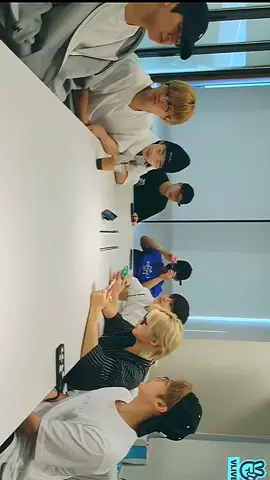 LIVE OT8 😭😭😭 #스트레이키즈 #straykids
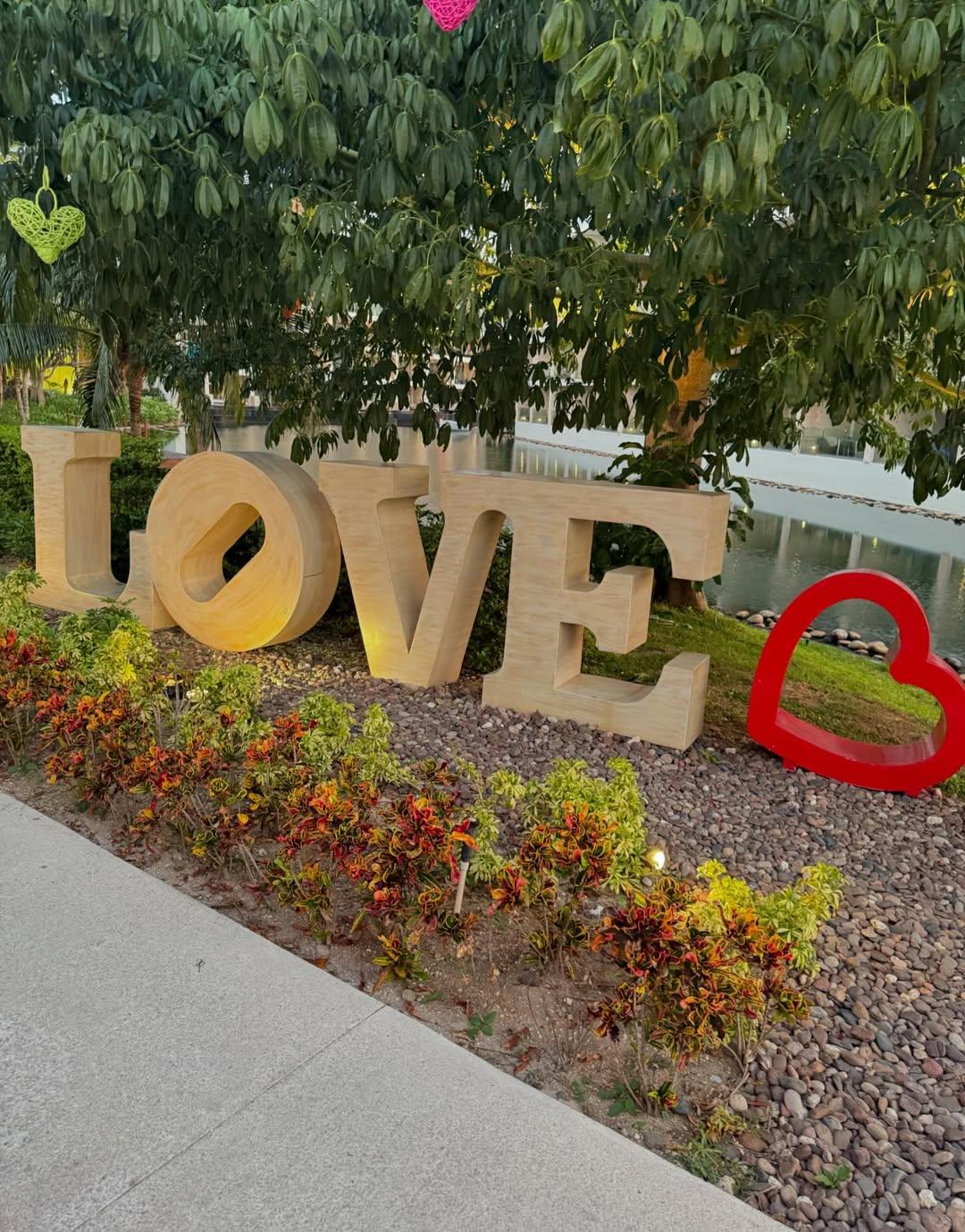 默里Ins, entit, Kj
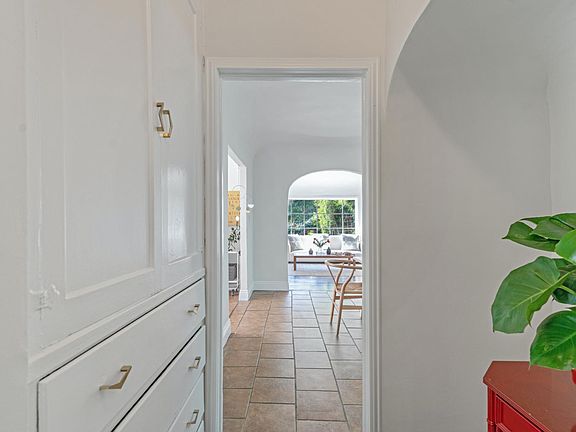 4th image of 1361 Micheltorena St
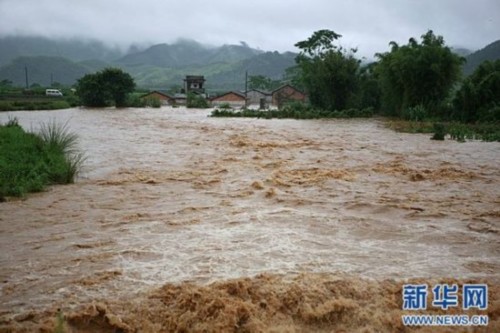 8��19�գ����������������������������񷿱���ˮΧ�������գ���ǿ����Ӱ�죬����������������11���������ܲ�ͬ�̶ȵĺ����ֺ����ݳ���ͳ�ƣ�ȫ�ر���ˮΧ��Ⱥ��2500���������ַ��ݡ���·����������٣�ũ��������3���Ķ��Ŀǰ������Ա�����ı��档�»��緢(���� ��)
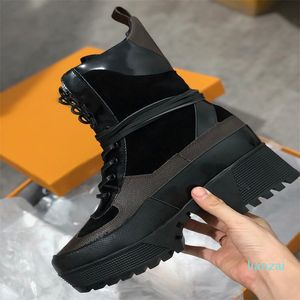 Женские модные зимние сапоги Martin Desert Boot Flamingos Love Arrow Medal Real Cow Split Leather Coarse249Q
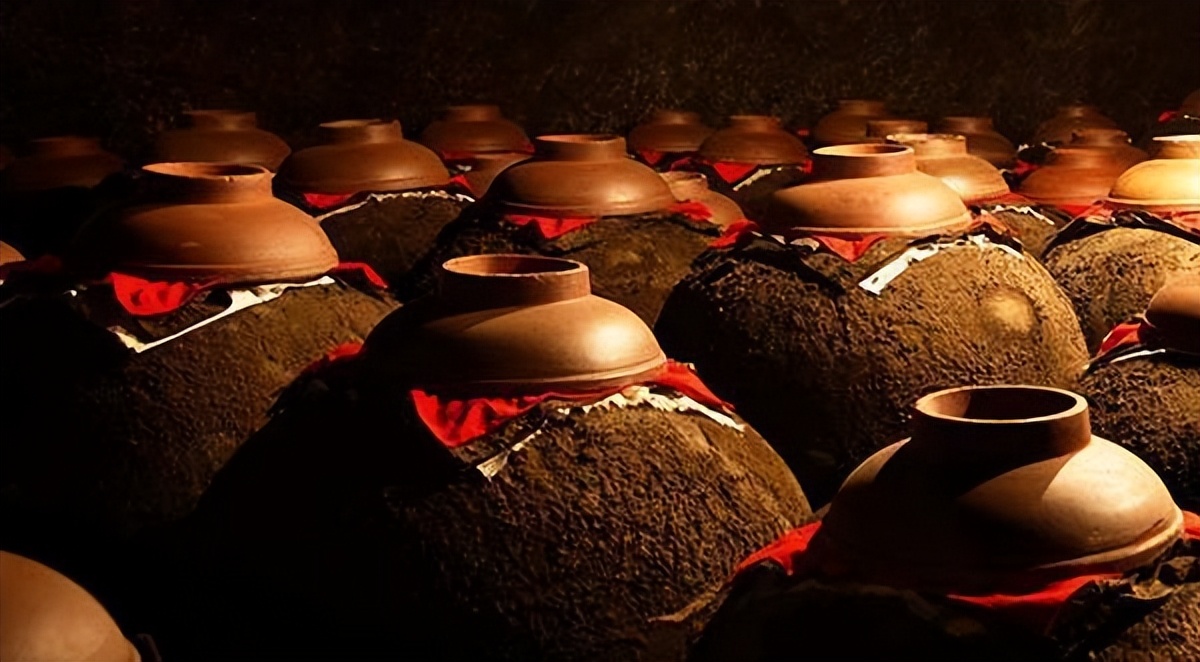 多少粮食能酿造出一斤清香型白酒,100斤粮食可以酿出多少42度白酒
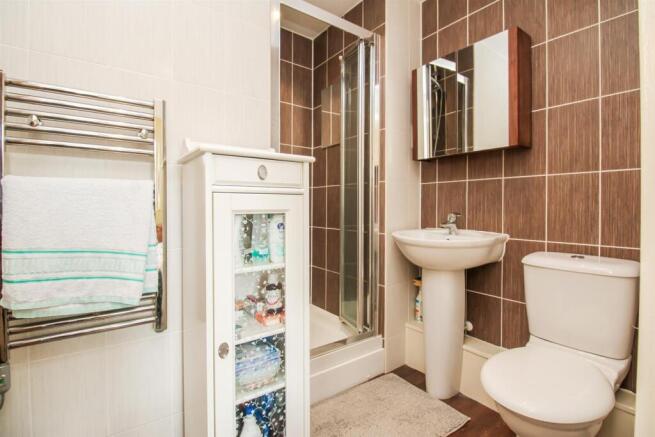 2 bed Apartment for sale Image 6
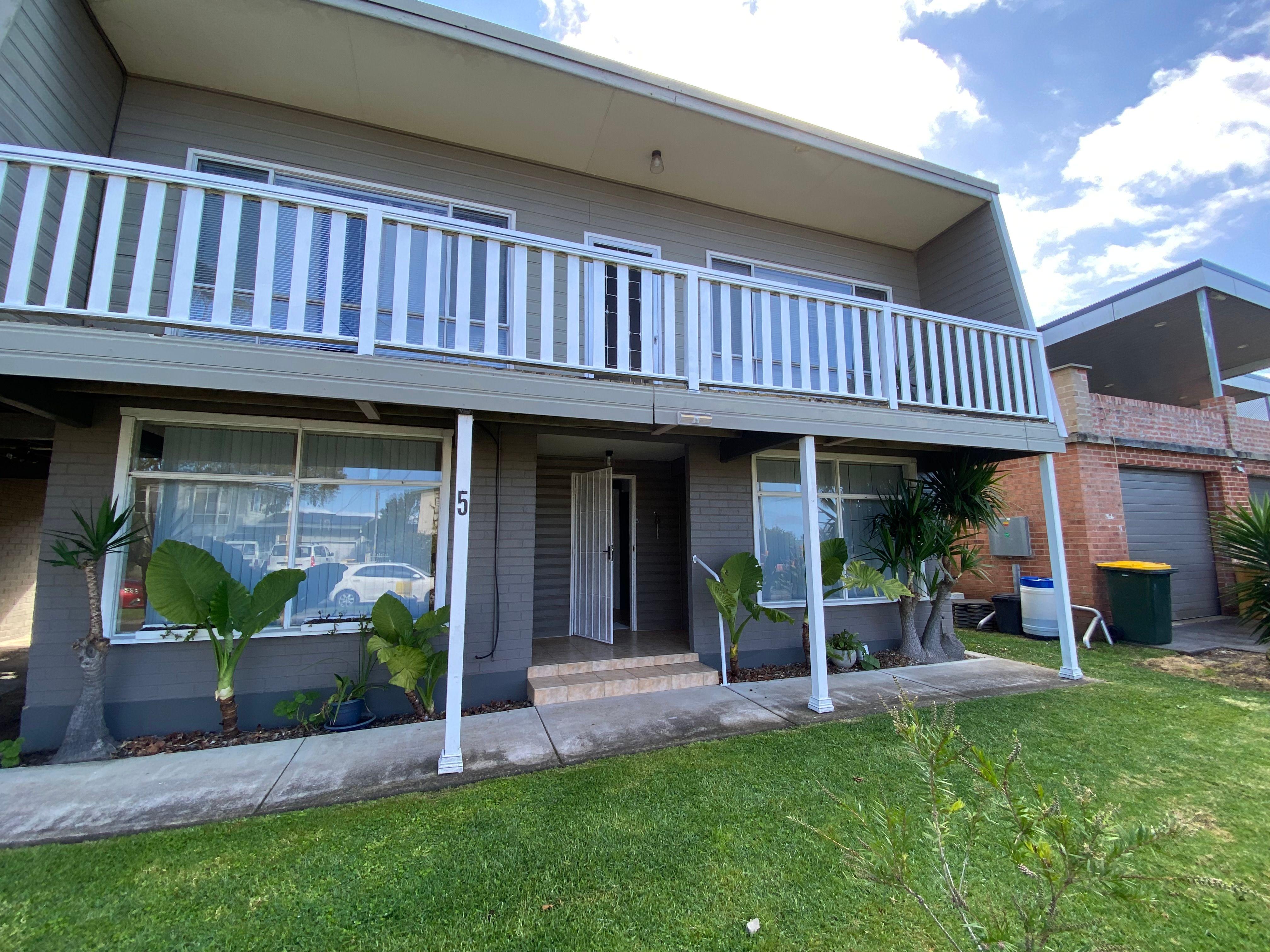 Low Maintenance - Well Maintained Unit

## [Task]
Repeat every record above exactly. Omit the pictures.

## [Task answer]
 LIVE OT8 😭😭😭 #스트레이키즈 #straykids
 默里Ins, entit, Kj
 4th image of 1361 Micheltorena St
 8��19�գ����������������������������񷿱���ˮΧ�������գ���ǿ����Ӱ�죬����������������11���������ܲ�ͬ�̶ȵĺ����ֺ����ݳ���ͳ�ƣ�ȫ�ر���ˮΧ��Ⱥ��2500���������ַ��ݡ���·����������٣�ũ��������3���Ķ��Ŀǰ������Ա�����ı��档�»��緢(���� ��)
 Женские модные зимние сапоги Martin Desert Boot Flamingos Love Arrow Medal Real Cow Split Leather Coarse249Q
 多少粮食能酿造出一斤清香型白酒,100斤粮食可以酿出多少42度白酒
 2 bed Apartment for sale Image 6
 Low Maintenance - Well Maintained Unit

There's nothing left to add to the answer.